I’ve figured out how to get it to draw on the opposite side the light is shining and that looked nice at first but that breaks with multiple lights. You can see this affect working as intended in this tweet(I was listening to music, may or may not wanna mute, isn’t loud either way):
https://twitter.com/TyoTheCreator/status/1361212230105264128?s=19
Here that second light was an experiment in making a backlight - if you happen to have an elegant solution for that as well, I’m listening!

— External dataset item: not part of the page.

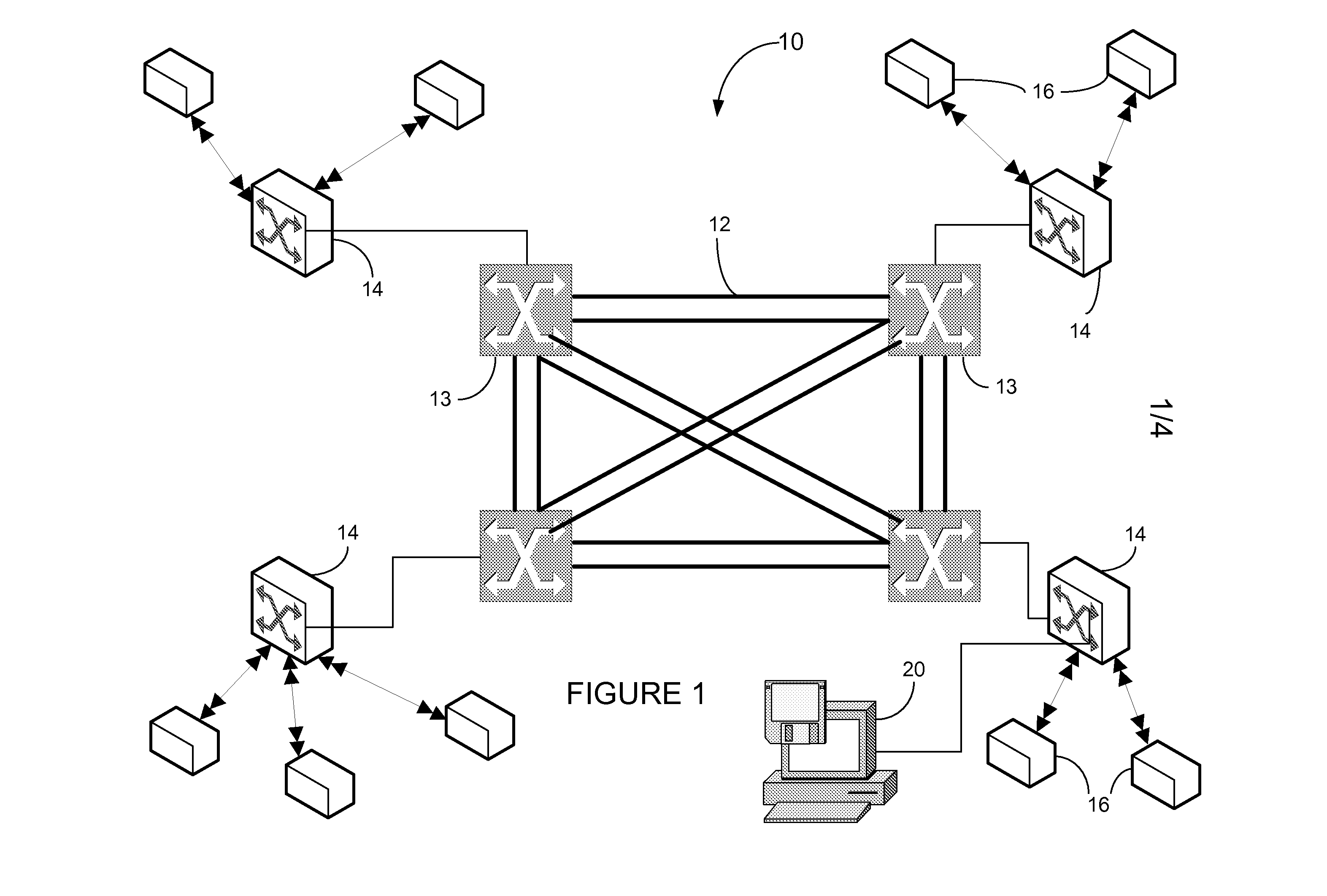 Routing method and system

The funkyness can be seen in this image with two proper lights:
I can see why this is happening. My shader simply flips the light vector, so instead of drawing where the light shines, it draws in the opposite vector… meaning, if two lights shine, both vectors get drawn. However, I don’t know what to do about this. The Shadow properties of the Light processor didn’t seem to do anything for me, and I can’t think of a way to tell the shader to erase the pixels facing the light instead of drawing the pixels away from the light.
The shader itself is super simple:
shader_type canvas_item;
void fragment() {
// Get the vertex color or the color from the texture if set
vec4 finalColor = min(texture(TEXTURE, UV), COLOR);
COLOR = finalColor;
if(!AT_LIGHT_PASS) {
COLOR = vec4(0, 0, 0, 0);
}
}
void light()
{
LIGHT_VEC.x = -LIGHT_VEC.x;
LIGHT = COLOR + vec4(0,0,.5,2); //just makes it slightly bluer and defined
}
I appreciate any help anyone offers for this!
So far, all I’ve found is an alternative way to do my initial implementation without the need of a shader. It’s the same logic, though. I can use an “inverse” light texture and the “mask” light mode to make a light which “shines” from the edges of the texture and dims inwards. This leads to the same outcome, though. Since the pixels are being drawn and not erased, if two lights are made on either end of the sprite an almost full outline will show, rather than the desired effect of having almost no outline.